Static analysis for Python

ven. 13 mai 2016 by Rémi Duraffort

I've always been a big fan of static analysis. While I was working with C and C++, I was scanning my code with:

For a longer list of static analyzers for each language, look at wikipedia

As I'm now mostly programming in Python (I'm working on LAVA), I had a closer look at the available static analyzers for this language.

I haven't found any static analyzer for Python as powerful as the one available for C or /C++. However the ones listed in this article must be used on your Python code. That's the bare minimum.

PEP

The first tool to run on any Python source code would be pep8. You can also give a try to pep256.

pep8 is a simple tool that only check for coding style. Python does advice the use of a standardize code style: PEP8. It's recommended to use the same coding style in order to keep a common style among the Python community.

However, you can obviously configure pep8 to match your coding style.

def main():
  print("Hello" + " World")

if __name__ == "__main__":
    main()

If you run pep8 on this file you will get:

$ pep8 code.py
code.py:2:3: E111 indentation is not a multiple of four

Pylint

Pylint is more of a static analyzer than pep8 as it actually check for some Python common errors. For instance, on this example:

def append(data=[]):
    data.append(1)
    return data

print(append())
[1]
print(append())
[1, 1]
print(append())
[1, 1, 1]

This is usually not what your are expecting. Pylint will warn you:

$ pylint code.py
No config file found, using default configuration
************* Module code
C:  1, 0: Missing module docstring (missing-docstring)
W:  1, 0: Dangerous default value [] as argument (dangerous-default-value)
C:  1, 0: Missing function docstring (missing-docstring)
[...]
Global evaluation
-----------------
Your code has been rated at 0.00/10

As you can see, Pylint is rating the source code (and show the evolution of this rate).

Vulture

Vulture is specialized in dead code elimination. Due to the dynamic nature of Python, such task is not as easy as it is with C. So don't expect any tool to find all dead code.

def append(data=[]):
    data.append(1)
    return data

def unused():
    for i in range(0, 10):
        append()

def main():
    append()

if __name__ == '__main__':
    main()

Running vulture will give:

$ vulture code.py
code.py:5: Unused function 'unused'
code.py:6: Unused variable 'i'

Pychecker

Another useful tool: Pychecker does provide some interesting information.
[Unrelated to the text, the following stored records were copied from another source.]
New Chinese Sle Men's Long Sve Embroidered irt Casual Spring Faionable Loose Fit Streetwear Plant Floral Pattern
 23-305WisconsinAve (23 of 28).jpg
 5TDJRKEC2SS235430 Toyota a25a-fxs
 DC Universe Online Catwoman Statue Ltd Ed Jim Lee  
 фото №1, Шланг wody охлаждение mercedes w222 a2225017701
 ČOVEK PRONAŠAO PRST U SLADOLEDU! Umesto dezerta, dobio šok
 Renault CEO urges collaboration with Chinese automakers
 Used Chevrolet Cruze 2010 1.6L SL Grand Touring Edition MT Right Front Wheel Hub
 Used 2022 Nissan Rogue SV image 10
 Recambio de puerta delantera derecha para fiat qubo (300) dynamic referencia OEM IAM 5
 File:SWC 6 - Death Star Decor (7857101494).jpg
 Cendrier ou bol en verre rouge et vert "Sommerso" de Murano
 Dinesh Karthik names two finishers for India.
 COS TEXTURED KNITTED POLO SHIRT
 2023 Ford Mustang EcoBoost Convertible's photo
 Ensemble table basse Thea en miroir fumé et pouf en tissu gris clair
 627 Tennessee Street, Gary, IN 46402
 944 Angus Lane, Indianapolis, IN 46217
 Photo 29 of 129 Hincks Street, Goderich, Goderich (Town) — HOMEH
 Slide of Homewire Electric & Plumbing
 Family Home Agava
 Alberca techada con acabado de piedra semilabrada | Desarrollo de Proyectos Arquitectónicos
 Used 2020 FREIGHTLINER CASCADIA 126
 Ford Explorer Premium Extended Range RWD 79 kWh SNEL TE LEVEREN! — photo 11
However, it only works with Python2.

$ pychecker code.py
code.py:2: Modifying parameter (data) with a default value may have unexpected consequences
code.py:6: Local variable (i) not used

Prospector

I discovered prospector some weeks ago and that's now the only one I'm using. In fact, it uses all the other static analyzers (dodgy, pep257, pep8, pyflakes, pylint, vulture, pyroma, frosted) and provides a nice report.

$ prospector code.py
Messages
========

code.py
  Line: 1
    pylint: dangerous-default-value / Dangerous default value [] as argument
  Line: 6
    pylint: unused-variable / Unused variable 'i' (col 8)



Check Information
=================
         Started: 2016-05-13 17:29:31.466860
        Finished: 2016-05-13 17:29:31.553182
      Time Taken: 0.09 seconds
       Formatter: grouped
        Profiles: default, no_doc_warnings, no_test_warnings, strictness_medium, strictness_high, strictness_veryhigh, no_member_warnings
      Strictness: None
  Libraries Used: 
       Tools Run: dodgy, mccabe, pep8, profile-validator, pyflakes, pylint
  Messages Found: 2

My advice would be to run prospector regularly to track common mistakes. It does sometime found real bugs.